_What is expected_
Search the records for "Image" and copy each line that holds it.
--------------------------------------------------
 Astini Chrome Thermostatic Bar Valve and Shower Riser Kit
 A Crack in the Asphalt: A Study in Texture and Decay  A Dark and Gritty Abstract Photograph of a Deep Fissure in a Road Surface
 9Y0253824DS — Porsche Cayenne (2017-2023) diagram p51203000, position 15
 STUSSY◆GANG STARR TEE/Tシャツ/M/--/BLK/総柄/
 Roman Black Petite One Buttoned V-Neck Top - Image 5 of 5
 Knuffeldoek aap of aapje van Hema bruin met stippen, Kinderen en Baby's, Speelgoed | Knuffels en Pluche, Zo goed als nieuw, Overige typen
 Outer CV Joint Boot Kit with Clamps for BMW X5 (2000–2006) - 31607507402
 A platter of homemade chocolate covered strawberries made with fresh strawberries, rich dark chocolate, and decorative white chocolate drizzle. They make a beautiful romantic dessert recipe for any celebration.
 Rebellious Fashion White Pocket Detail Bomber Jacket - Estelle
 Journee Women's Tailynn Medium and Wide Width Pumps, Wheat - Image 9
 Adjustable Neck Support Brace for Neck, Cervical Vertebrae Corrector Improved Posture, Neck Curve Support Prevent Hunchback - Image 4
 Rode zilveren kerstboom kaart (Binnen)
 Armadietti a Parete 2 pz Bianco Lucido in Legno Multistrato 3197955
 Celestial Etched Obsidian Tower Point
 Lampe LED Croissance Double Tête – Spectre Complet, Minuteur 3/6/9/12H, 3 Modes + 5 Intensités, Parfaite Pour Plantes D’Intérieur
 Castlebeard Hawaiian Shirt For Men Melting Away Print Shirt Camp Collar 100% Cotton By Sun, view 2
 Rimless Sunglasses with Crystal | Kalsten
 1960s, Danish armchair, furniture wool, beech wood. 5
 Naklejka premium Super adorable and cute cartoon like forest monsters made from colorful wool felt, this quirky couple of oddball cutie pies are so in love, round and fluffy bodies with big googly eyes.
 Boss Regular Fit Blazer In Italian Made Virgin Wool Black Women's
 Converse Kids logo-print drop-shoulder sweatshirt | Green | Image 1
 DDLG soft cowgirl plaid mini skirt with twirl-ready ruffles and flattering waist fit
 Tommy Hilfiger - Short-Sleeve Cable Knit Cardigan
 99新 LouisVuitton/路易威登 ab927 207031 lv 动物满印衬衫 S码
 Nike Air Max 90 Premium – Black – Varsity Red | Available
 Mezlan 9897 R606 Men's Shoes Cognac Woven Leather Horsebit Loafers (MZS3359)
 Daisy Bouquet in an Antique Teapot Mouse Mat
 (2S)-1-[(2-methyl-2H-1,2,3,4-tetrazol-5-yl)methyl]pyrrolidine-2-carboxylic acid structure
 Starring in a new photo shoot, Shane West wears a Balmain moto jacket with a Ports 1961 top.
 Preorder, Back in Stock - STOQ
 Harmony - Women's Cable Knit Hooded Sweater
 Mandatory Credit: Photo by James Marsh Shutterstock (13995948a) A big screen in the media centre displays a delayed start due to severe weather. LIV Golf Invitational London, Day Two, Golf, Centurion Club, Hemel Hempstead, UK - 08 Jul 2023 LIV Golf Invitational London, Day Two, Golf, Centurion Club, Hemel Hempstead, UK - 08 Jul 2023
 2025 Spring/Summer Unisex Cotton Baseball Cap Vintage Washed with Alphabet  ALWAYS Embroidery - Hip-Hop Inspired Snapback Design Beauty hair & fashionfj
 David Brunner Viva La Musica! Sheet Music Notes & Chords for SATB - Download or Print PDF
--------------------------------------------------
_Response for this exercise_
 Roman Black Petite One Buttoned V-Neck Top - Image 5 of 5
 Journee Women's Tailynn Medium and Wide Width Pumps, Wheat - Image 9
 Adjustable Neck Support Brace for Neck, Cervical Vertebrae Corrector Improved Posture, Neck Curve Support Prevent Hunchback - Image 4
 Converse Kids logo-print drop-shoulder sweatshirt | Green | Image 1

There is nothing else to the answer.